Cosa serve per un impatto misurabile e duraturo

Il report Recipe for Transformation, condotto dalla divisione di BCG specializzata in sostenibilità Quantis su oltre 600 manager e dirigenti di grandi aziende del settore Food & Beverage, rivela che la maggiore consapevolezza dei consumatori, unita alle pressioni legislative e ai cambiamenti climatici, sta costringendo le aziende a ripensare le loro strategie in termini di sostenibilità. (Se desideri approfondire, ne abbiamo parlato in questo articolo: Agroalimentare e sostenibilità: target 2030 difficili da raggiungere n.d.r.)

Quello che emerge è sostanzialmente che dopo una fase di entusiasmo che ha alzato le aspettative sta subentrando una fase di pragmatismo nella quale appaiono chiare tutte le difficoltà di questa trasformazione tanto che solo il 30% degli oltre 600 manager e dirigenti del settore crede di riuscire a raggiungere gli obiettivi ambientali fissati per il 2030. E le ragioni sono da addebitare primariamente alla complessità del mondo agroalimentare dove l’intreccio a livello di partnership e collaborazioni appare assolutamente determinante.

Come sottolinea Davide Tonon, Direttore di Quantis Italia: “Affinché alla sostenibilità vengano dedicati budget più rilevanti e si possa conseguire una trasformazione di impatto misurabile e duraturo, continuano ad essere necessarie la collaborazione con la leadership tra i dipartimenti e con i partner strategici e l’impegno sulle tre direttrici del redesign sostenibile del portafoglio prodotti, l’agricoltura rigenerativa e il plant based” che – secondo la scienza – rappresentano le aree con il maggiore potenziale di trasformazione in termini di sostenibilità.

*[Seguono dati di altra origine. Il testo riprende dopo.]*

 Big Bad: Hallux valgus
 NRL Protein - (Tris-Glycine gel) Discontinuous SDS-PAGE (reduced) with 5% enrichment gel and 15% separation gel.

Tra le priorità definite dai manager nel processo di transizione verso la sostenibilità ambientale, il packaging sostenibile emerge come la più urgente, secondo il 67% dei manager italiani e il 62% dei manager globali.  In seconda posizione si trova la necessità di ridurre lo spreco alimentare e la quantità di rifiuti prodotti. Questa è l’opinione del 57% dei manager a livello globale e del 53% in Italia. Il portfolio redesign, ovvero il bisogno di ripensare in chiave sostenibile i prodotti aziendali venduti, nel nostro Paese è prioritario per il 24% dei rispondenti, dato che scende al 19% nel resto del mondo.

agroalimentare e sostenibilità, una priorità per la trasformazione sostenibile

Normative, cultura aziendale e risparmio sui costi sono i principali fattori che guidano le aziende verso la sostenibilità. In Italia, le normative sono considerate cruciali dal 45% dei manager, mentre la cultura aziendale e il risparmio sui costi sono importanti per il 34% e il 43% rispettivamente. Tuttavia, le barriere non mancano. La complessità della supply chain è vista come l’ostacolo principale, con il 37% dei manager italiani e il 42% dei manager globali che la identificano come una sfida significativa. Inoltre, gli investimenti necessari per la trasformazione sostenibile sono ancora un tema aperto, con solo il 12,5% del bilancio annuale globale destinato a tali investimenti.

Per superare queste barriere, è fondamentale un’attivazione trasversale all’interno delle aziende. I CSR manager necessitano di supporto continuo e di un impegno deciso da parte della leadership. Il report evidenzia come l’ingaggio in prima persona della leadership e una cultura aziendale proattiva siano motori essenziali per la diffusione delle prassi di sostenibilità. In Italia, l’adozione di indici di sostenibilità in termini di KPI legati alla decarbonizzazione si sta diffondendo, con bonus C-level sempre più legati a questi indicatori, rappresentando una leva determinante per il successo.